On Jan 15, 2022, at 2:34 PM, Daveed Vandevoorde via SG7 <sg7@lists.isocpp.org> wrote:



On Jan 15, 2022, at 1:39 PM, Peter Dimov via SG7 <sg7@lists.isocpp.org> wrote:

Daveed Vandevoorde wrote:
Hello reflecting friends,

(And Happy New Year!)

I’ve uploaded on the 2022 Teleconferences wiki for SG-7 an updated version
of P1240 (which has also been submitted for the next mailing).

Changes include:
— The syntax agreements that SG-7 voted through P2320 (e.g., prefix ^
instead of reflexpr(…) to create reflections)
— The proposed metafunctions now use span and string_view instead
of vector and string
— Various corrections and clarifications based on reader feedback and
implementation experience

I think that it might be worth discussing Matus's alternative representation
of reflections. Roughly, while P1240 has something equivalent to

struct info {  uintptr_t id; };

Matus instead suggests (if I understand correctly)
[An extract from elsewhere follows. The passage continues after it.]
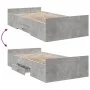 Concrete gray engineered wood bed with drawers 75x190 cm by , Beds and slatted bases - Ref: Foro24-3280352, Price: 110,26 €, ...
template<uintptr_t id> struct info {};

This implies that one does

   constexpr info x = ^T;

under P1240 and

   constexpr auto x = ^T;

under the hypothetical alternative.

The arguments against this are (again IIUC) performance - the latter
causes much more template instantiations because functions are like

   consteval some_func( auto refl );

instead of

   consteval some_func( info refl );

However, there's a difference in usability, too. In the first case, one can
always splice [:refl:] inside some_func (because it's an instantiation context),
whereas in the second case, one cannot.


That’s a massive price to pay, though (_every_ reflection value costs a type instance).  And if you’re willing to pay it, you can with P1240.  You can write:

template<info R> struct Refl { ... };

and now you have that same capability.

The reverse is not true.

(You could also write:

template<info refl> consteval some_func();

which is  slightly cheaper in terms of compilation resources and different notation.)

Daveed


There is also the matter of a) iteration, and b) a more serious performance reason I have not seen mentioned elsewhere.  

Iteration: special iteration mechanisms are required, unless you want to require a functional style as Matus’s implementation uses: see Andrew/Wyatt/Lock3’s `template for(auto …)` or `for(constexpr auto …)`, which instantiates each iteration.  Non-range-based iteration (while statements, non-range for statements etc.) are almost certainly not feasible.

(Aside: for those interested in trying the `template for` with Matus’s implementation or other template-instantiation based implementations, I extracted it into a clean branch here: 
https://github.com/drec357/llvm-project/tree/dwr-feature-template-for
And a merge of this with Matus’s implem and my string injection implem for code generation is her:
https://github.com/drec357/llvm-project/tree/meta-all
though it is a bit behind Matus’s.)

More serious performance reason:

First, suppose the reflection library included a queries for for fetching other declarations in the TU: say, it's sibling declarations and parent/children.

```
std::meta::get_next_decl(auto r)
std::meta::get_prev_decl(auto r)
std::meta::get_parent_decl(auto r)
std::meta::get_first_child_decl(auto r)
```

Now suppose a user decides they want to interface with reflection in an object-oriented style:
```
template<auto R>
struct DeclWrapper {
  auto nextDecl() { return DeclWrapper <decltype(std::meta::get_next_decl(R))>{}; }
  auto prevDecl() {…}
  auto getParent() { … }
  …
};

#include … // lots of stuff, big translation unit

int foo;
constexpr auto foorefl = DeclWrapper <decltype(^foo)>()>();
```

What happens when `foorefl` is instantiated?  

First each member of DeclWrapper<decltype(^foo)> must be instantiated, which means we have to instantiate each return type, each of which is a DeclWrapper, which itself has to be instantiated, …

The chain reaction results in instantiations of DeclWrappers for *every single declaration in the translation unit*.

It is probably easier to just figure out narrow solutions resolving the precise deficiencies of value-based implementation than dealing with these issues.